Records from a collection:
-*-*-

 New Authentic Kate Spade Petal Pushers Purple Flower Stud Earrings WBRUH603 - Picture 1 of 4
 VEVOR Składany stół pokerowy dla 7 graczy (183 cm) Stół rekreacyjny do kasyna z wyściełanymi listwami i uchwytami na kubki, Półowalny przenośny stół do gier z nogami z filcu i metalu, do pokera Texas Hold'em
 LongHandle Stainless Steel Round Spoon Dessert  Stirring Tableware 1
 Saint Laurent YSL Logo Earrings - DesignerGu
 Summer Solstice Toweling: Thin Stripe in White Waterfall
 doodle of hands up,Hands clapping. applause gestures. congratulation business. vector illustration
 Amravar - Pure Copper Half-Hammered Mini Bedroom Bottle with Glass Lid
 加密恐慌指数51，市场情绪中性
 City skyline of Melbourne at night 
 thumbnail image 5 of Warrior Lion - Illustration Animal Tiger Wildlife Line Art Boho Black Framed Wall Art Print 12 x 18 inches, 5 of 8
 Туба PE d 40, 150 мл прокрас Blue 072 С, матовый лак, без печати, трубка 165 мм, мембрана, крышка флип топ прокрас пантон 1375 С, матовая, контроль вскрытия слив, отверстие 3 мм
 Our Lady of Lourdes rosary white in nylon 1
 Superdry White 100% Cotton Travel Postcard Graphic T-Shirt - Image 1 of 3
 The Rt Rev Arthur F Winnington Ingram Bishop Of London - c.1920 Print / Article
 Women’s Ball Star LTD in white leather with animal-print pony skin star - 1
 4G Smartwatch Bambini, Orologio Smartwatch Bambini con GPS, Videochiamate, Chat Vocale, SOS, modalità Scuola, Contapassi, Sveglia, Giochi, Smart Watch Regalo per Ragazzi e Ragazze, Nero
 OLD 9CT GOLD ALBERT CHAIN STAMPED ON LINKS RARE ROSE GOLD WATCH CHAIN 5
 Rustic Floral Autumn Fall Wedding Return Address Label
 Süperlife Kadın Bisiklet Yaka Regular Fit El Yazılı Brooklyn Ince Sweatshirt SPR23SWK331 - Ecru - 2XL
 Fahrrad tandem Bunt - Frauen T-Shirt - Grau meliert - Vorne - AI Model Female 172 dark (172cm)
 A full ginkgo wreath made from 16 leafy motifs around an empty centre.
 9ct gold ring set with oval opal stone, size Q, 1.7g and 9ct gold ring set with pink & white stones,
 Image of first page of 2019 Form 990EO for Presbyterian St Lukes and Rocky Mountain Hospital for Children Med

-*-*-

YOUR GOAL: An exact copy of every line above is needed.

RESULT:
 New Authentic Kate Spade Petal Pushers Purple Flower Stud Earrings WBRUH603 - Picture 1 of 4
 VEVOR Składany stół pokerowy dla 7 graczy (183 cm) Stół rekreacyjny do kasyna z wyściełanymi listwami i uchwytami na kubki, Półowalny przenośny stół do gier z nogami z filcu i metalu, do pokera Texas Hold'em
 LongHandle Stainless Steel Round Spoon Dessert  Stirring Tableware 1
 Saint Laurent YSL Logo Earrings - DesignerGu
 Summer Solstice Toweling: Thin Stripe in White Waterfall
 doodle of hands up,Hands clapping. applause gestures. congratulation business. vector illustration
 Amravar - Pure Copper Half-Hammered Mini Bedroom Bottle with Glass Lid
 加密恐慌指数51，市场情绪中性
 City skyline of Melbourne at night 
 thumbnail image 5 of Warrior Lion - Illustration Animal Tiger Wildlife Line Art Boho Black Framed Wall Art Print 12 x 18 inches, 5 of 8
 Туба PE d 40, 150 мл прокрас Blue 072 С, матовый лак, без печати, трубка 165 мм, мембрана, крышка флип топ прокрас пантон 1375 С, матовая, контроль вскрытия слив, отверстие 3 мм
 Our Lady of Lourdes rosary white in nylon 1
 Superdry White 100% Cotton Travel Postcard Graphic T-Shirt - Image 1 of 3
 The Rt Rev Arthur F Winnington Ingram Bishop Of London - c.1920 Print / Article
 Women’s Ball Star LTD in white leather with animal-print pony skin star - 1
 4G Smartwatch Bambini, Orologio Smartwatch Bambini con GPS, Videochiamate, Chat Vocale, SOS, modalità Scuola, Contapassi, Sveglia, Giochi, Smart Watch Regalo per Ragazzi e Ragazze, Nero
 OLD 9CT GOLD ALBERT CHAIN STAMPED ON LINKS RARE ROSE GOLD WATCH CHAIN 5
 Rustic Floral Autumn Fall Wedding Return Address Label
 Süperlife Kadın Bisiklet Yaka Regular Fit El Yazılı Brooklyn Ince Sweatshirt SPR23SWK331 - Ecru - 2XL
 Fahrrad tandem Bunt - Frauen T-Shirt - Grau meliert - Vorne - AI Model Female 172 dark (172cm)
 A full ginkgo wreath made from 16 leafy motifs around an empty centre.
 9ct gold ring set with oval opal stone, size Q, 1.7g and 9ct gold ring set with pink & white stones,
 Image of first page of 2019 Form 990EO for Presbyterian St Lukes and Rocky Mountain Hospital for Children Med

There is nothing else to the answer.